Stored data
>>>

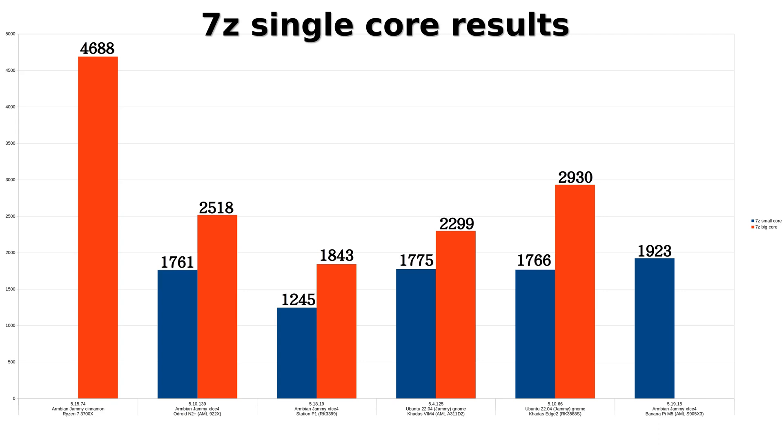And as last here the single core results. So 4688 for the Ryzen 7. Khadas Edge 2 comes closest with 2930 for the big cores. And then the others you can read.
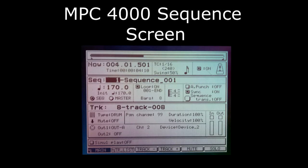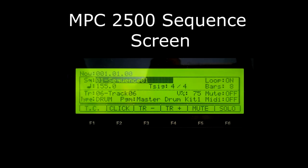These are just a couple of screenshots of the sequence screen for each unit.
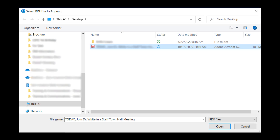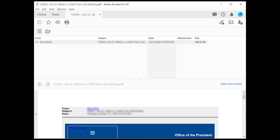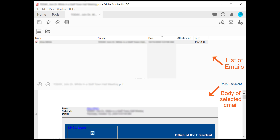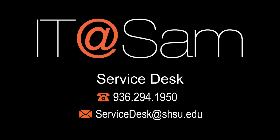Locate the saved PDF in Windows Explorer and double click the file to open it. The email or emails converted will be listed in the upper part of the screen. Whichever email is selected will be the email that is displayed at the bottom.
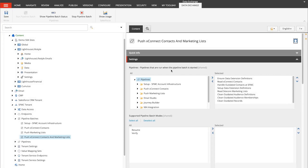It will push all the contacts from XConnect and will create the necessary data extensions in Salesforce if they haven't been created yet.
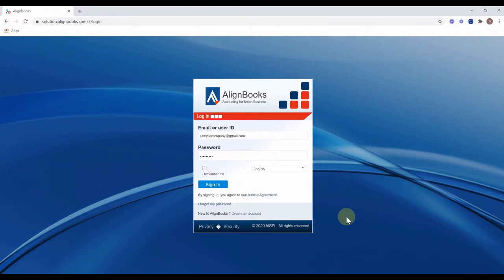Welcome to Align Books. In this video we will learn about functionalities of invoice like generate new invoice,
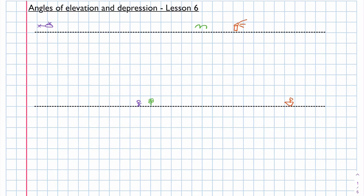Welcome to Maths with Mrs. B. In this lesson we'll look at the angles of elevation and depression.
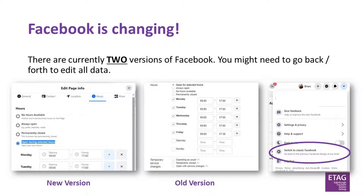Important to say before we move any further: Facebook is changing and there are two versions of it available. Looking at this screen, what you see on the left is how the new version of Facebook looks when you're updating business hours, and on the right is how it looks on the old version. Some of the new features Facebook launched specifically for COVID-19 are actually only available in the old one, so we'll show you that in more detail as we move on.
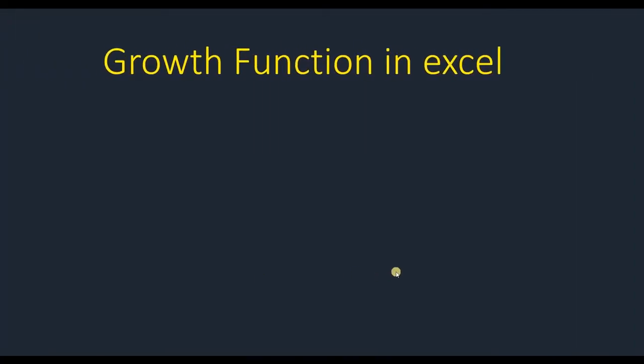Hello everyone, this is Zayda Gullami from Agnements Research Company. In today's video, I'm going to talk about the growth function in Excel. Growth function is used when you want to predict a value in your data set.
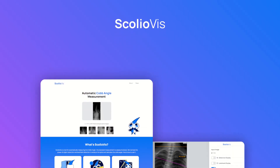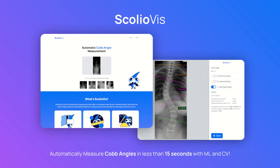Introducing ScolioViz, the automated Cobb Angle measurement tool for anterior-posterior spine x-ray images. We harness the power of machine learning and computer vision in order to analyze what your spine looks like and extract the Cobb Angle values.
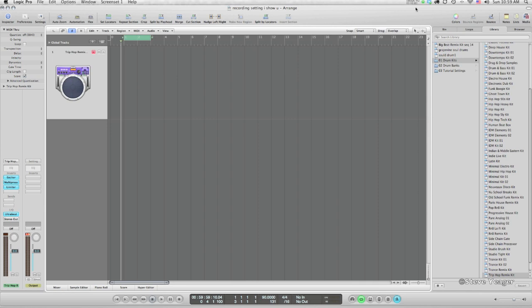Here's a tutorial on using the various MIDI recording settings in Logic. I'm going to go through some workflow techniques, and I'll show you some of the various ways that you can speed up your workflow and your MIDI recording techniques in Logic.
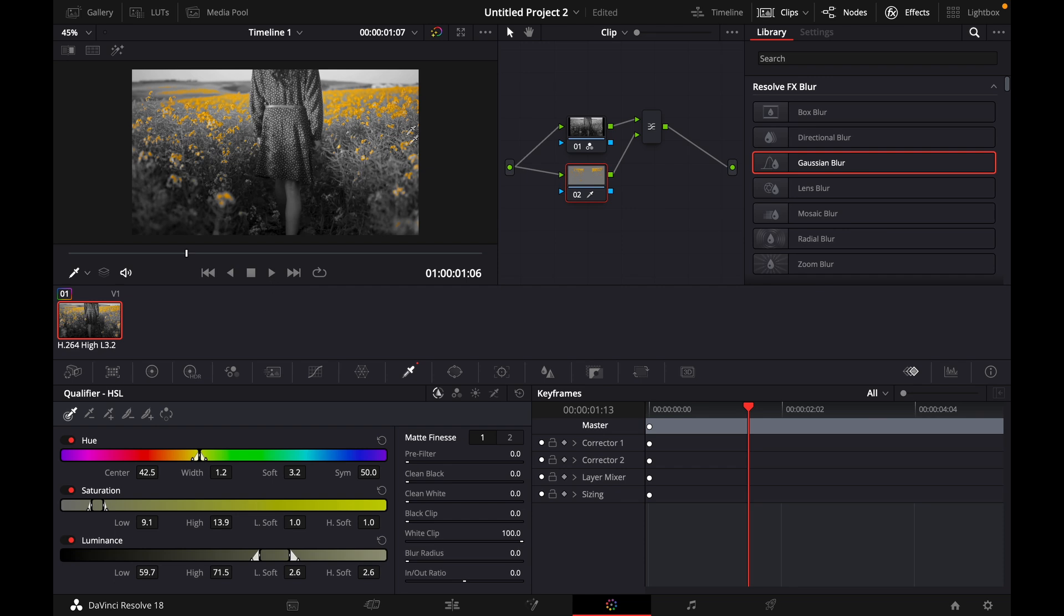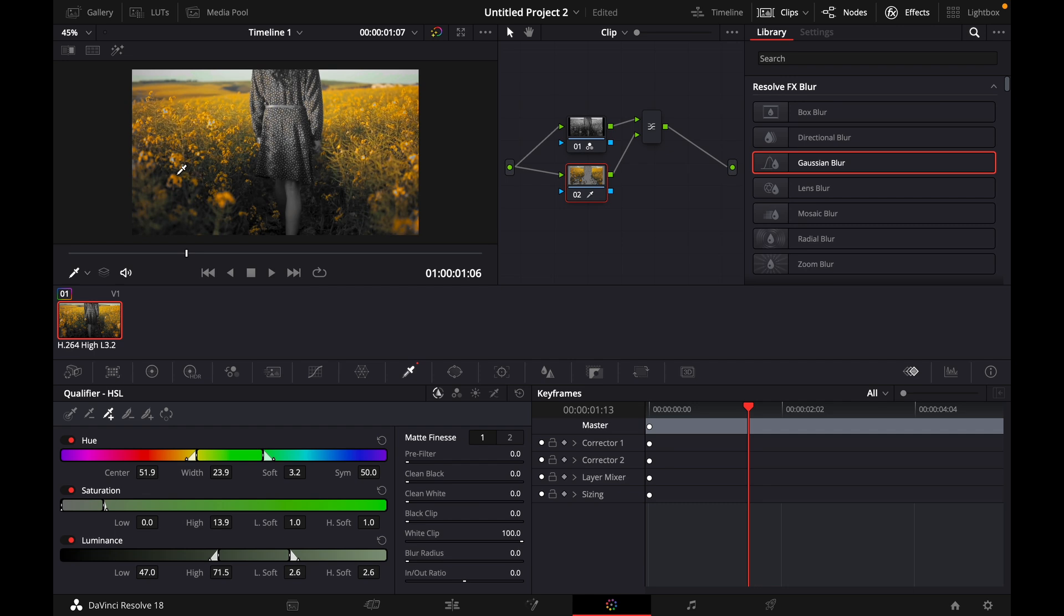Only a few flowers are selected. So what you want to do is go over to the picker add and then just click on the rest of the flowers until you like the end result.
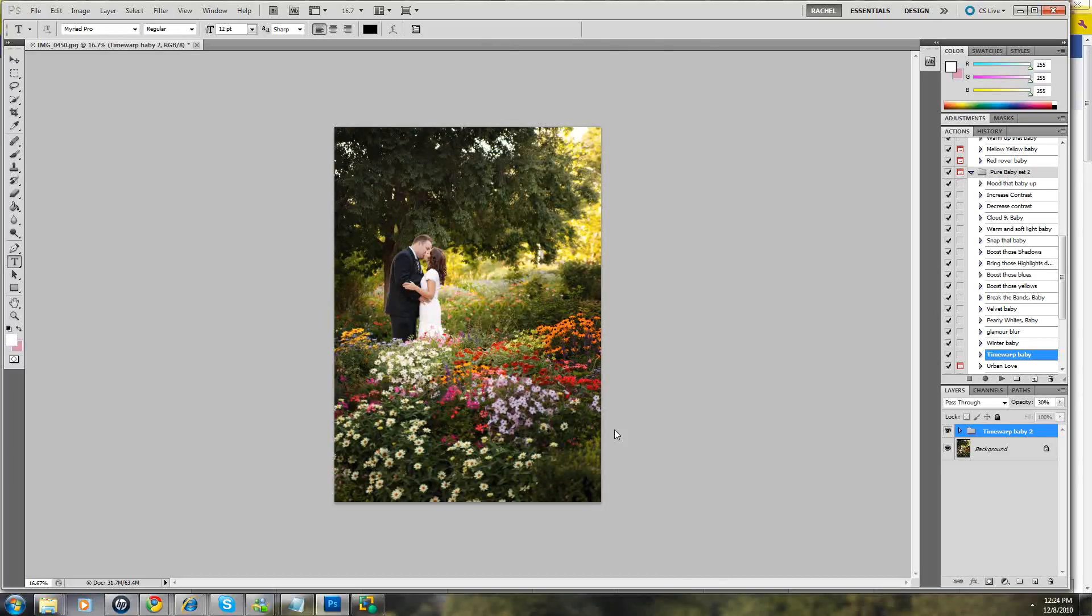Hi, this is Rachel from Pure Photoshop Actions. I'm just doing a really quick tutorial today on how to make a watermark.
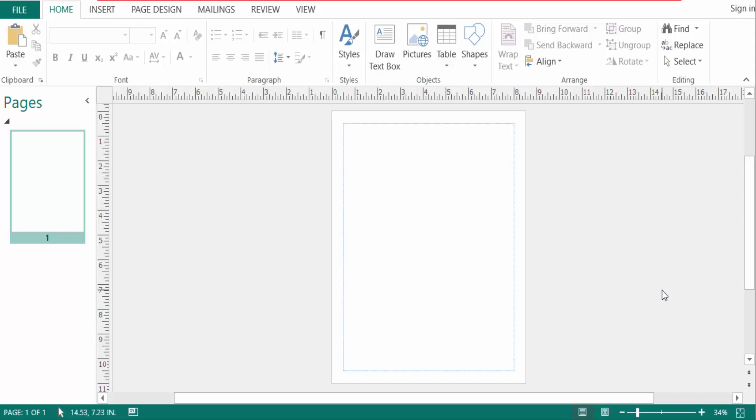Hello everyone, Assalamualaikum. This is Publisher Tutor and in this video today I will show you how to add gradient fill color in background in Microsoft Publisher. So let's get started. I open a new blank document here and this is the blank page. I want to add gradient fill color in this background.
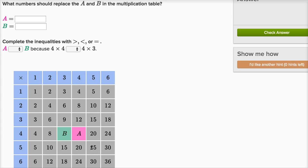Right over here, this 25 — notice it's in the same row as this five and the same column as that five, so it's saying that five times five is 25. You'll notice that if you go along any row, you're counting by that number, and if you go along any column, you're also counting by that number.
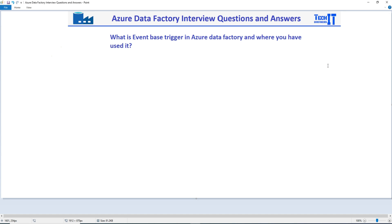Welcome to the Resolution of the Dynamite. In this video we are going to learn about the answer of this question: What is the event based trigger in Azure Data Factory and where you have used it?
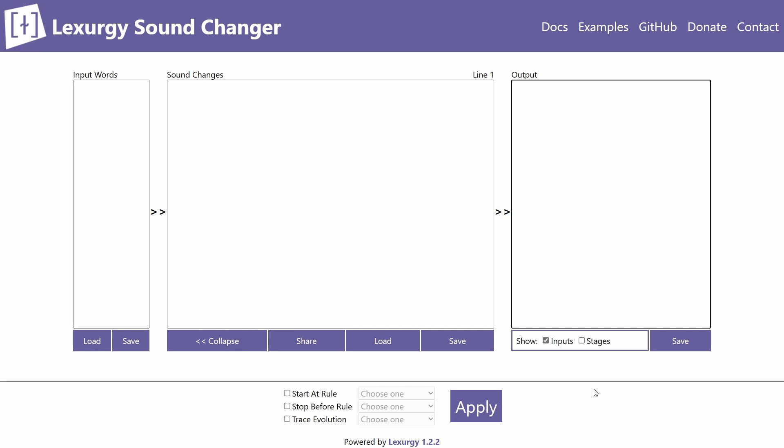I can do Lexergy fairly well — I use it for my recent conlangs — but I'm no expert, and I'm no historical linguist or anything like that. Also, this video isn't about how to develop sound changes or how to make them, but rather how to apply them in Lexergy.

<<<

## YOUR ASSIGNMENT
All entries should be reproduced exactly; no picture belongs in the result.

## TASK RESULT
And as last here the single core results. So 4688 for the Ryzen 7. Khadas Edge 2 comes closest with 2930 for the big cores. And then the others you can read.
These are just a couple of screenshots of the sequence screen for each unit.
Locate the saved PDF in Windows Explorer and double click the file to open it. The email or emails converted will be listed in the upper part of the screen. Whichever email is selected will be the email that is displayed at the bottom.
It will push all the contacts from XConnect and will create the necessary data extensions in Salesforce if they haven't been created yet.
Welcome to Align Books. In this video we will learn about functionalities of invoice like generate new invoice,
Welcome to Maths with Mrs. B. In this lesson we'll look at the angles of elevation and depression.
Important to say before we move any further: Facebook is changing and there are two versions of it available. Looking at this screen, what you see on the left is how the new version of Facebook looks when you're updating business hours, and on the right is how it looks on the old version. Some of the new features Facebook launched specifically for COVID-19 are actually only available in the old one, so we'll show you that in more detail as we move on.
Hello everyone, this is Zayda Gullami from Agnements Research Company. In today's video, I'm going to talk about the growth function in Excel. Growth function is used when you want to predict a value in your data set.
Introducing ScolioViz, the automated Cobb Angle measurement tool for anterior-posterior spine x-ray images. We harness the power of machine learning and computer vision in order to analyze what your spine looks like and extract the Cobb Angle values.
Here's a tutorial on using the various MIDI recording settings in Logic. I'm going to go through some workflow techniques, and I'll show you some of the various ways that you can speed up your workflow and your MIDI recording techniques in Logic.
Only a few flowers are selected. So what you want to do is go over to the picker add and then just click on the rest of the flowers until you like the end result.
Hi, this is Rachel from Pure Photoshop Actions. I'm just doing a really quick tutorial today on how to make a watermark.
Hello everyone, Assalamualaikum. This is Publisher Tutor and in this video today I will show you how to add gradient fill color in background in Microsoft Publisher. So let's get started. I open a new blank document here and this is the blank page. I want to add gradient fill color in this background.
Right over here, this 25 — notice it's in the same row as this five and the same column as that five, so it's saying that five times five is 25. You'll notice that if you go along any row, you're counting by that number, and if you go along any column, you're also counting by that number.
Welcome to the Resolution of the Dynamite. In this video we are going to learn about the answer of this question: What is the event based trigger in Azure Data Factory and where you have used it?
I can do Lexergy fairly well — I use it for my recent conlangs — but I'm no expert, and I'm no historical linguist or anything like that. Also, this video isn't about how to develop sound changes or how to make them, but rather how to apply them in Lexergy.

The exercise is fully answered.